*** Opening of INPUT DATA ***
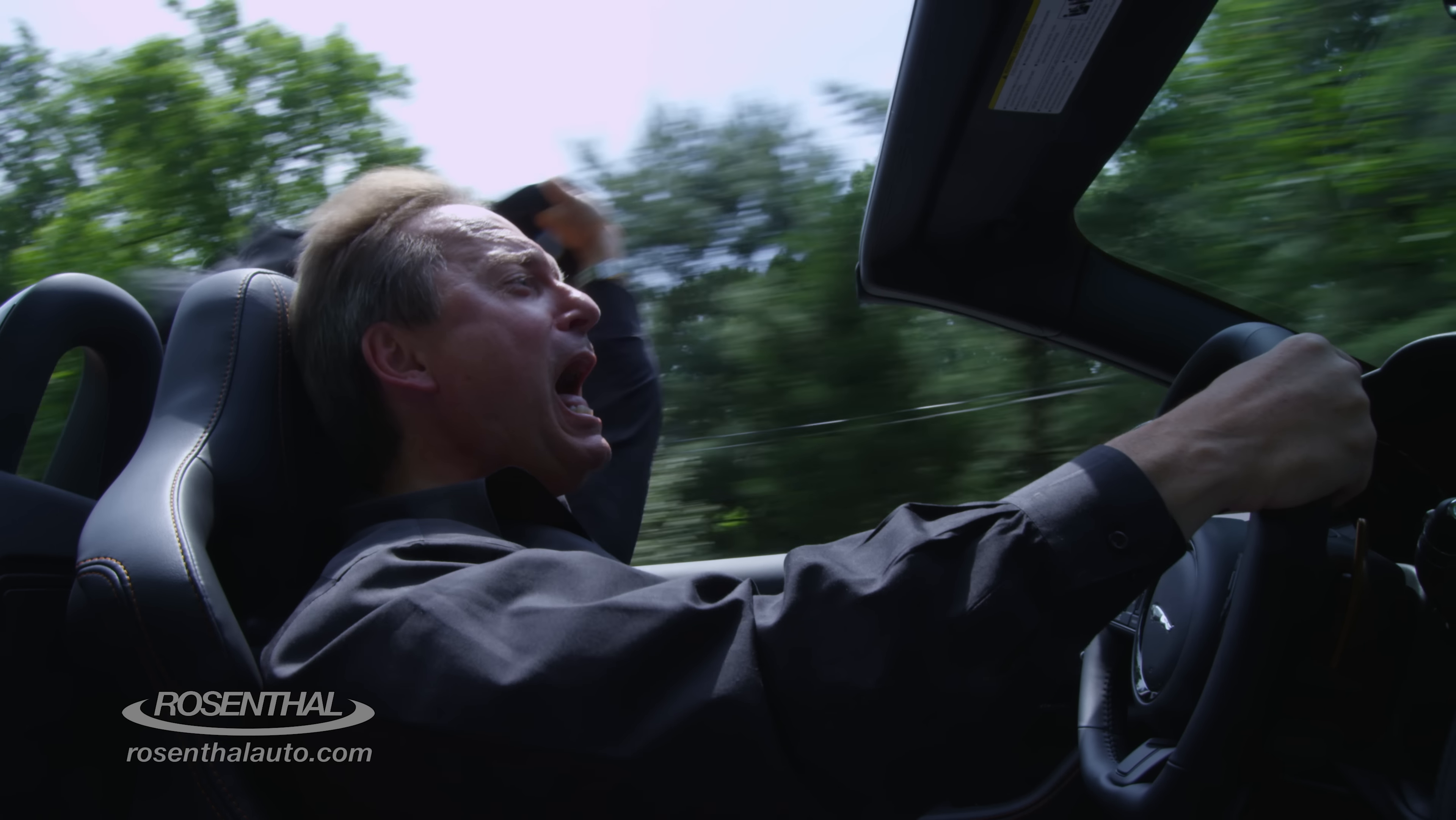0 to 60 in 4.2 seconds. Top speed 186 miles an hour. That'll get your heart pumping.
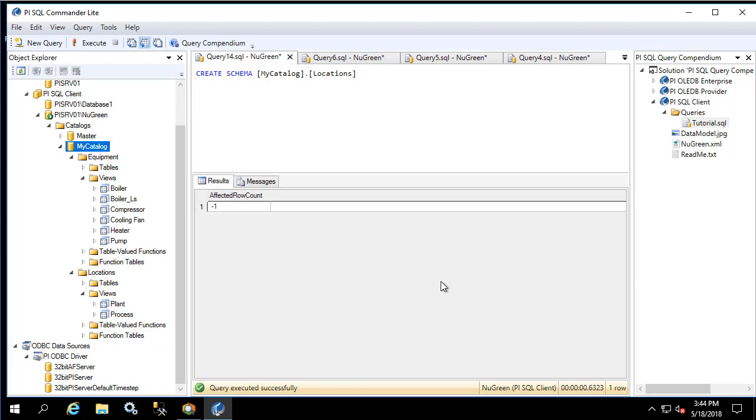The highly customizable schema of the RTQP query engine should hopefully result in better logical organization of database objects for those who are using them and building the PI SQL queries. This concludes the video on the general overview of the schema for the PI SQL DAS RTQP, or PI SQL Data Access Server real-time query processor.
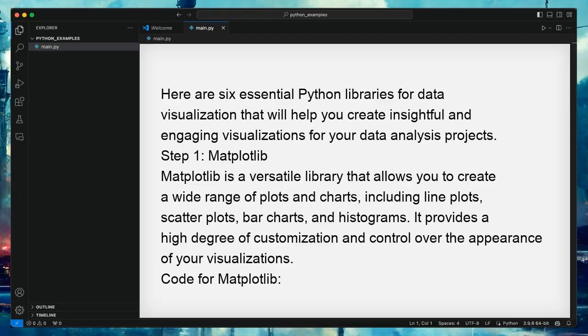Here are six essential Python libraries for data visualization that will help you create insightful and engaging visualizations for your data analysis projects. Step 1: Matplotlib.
*** Close of INPUT DATA ***
WHAT TO PRODUCE: The lines wanted are those from the start of the material above through the line with "The highly customizable", both included; print them exactly and skip any picture.

RESPONSE TO THIS EXERCISE:
0 to 60 in 4.2 seconds. Top speed 186 miles an hour. That'll get your heart pumping.
The highly customizable schema of the RTQP query engine should hopefully result in better logical organization of database objects for those who are using them and building the PI SQL queries. This concludes the video on the general overview of the schema for the PI SQL DAS RTQP, or PI SQL Data Access Server real-time query processor.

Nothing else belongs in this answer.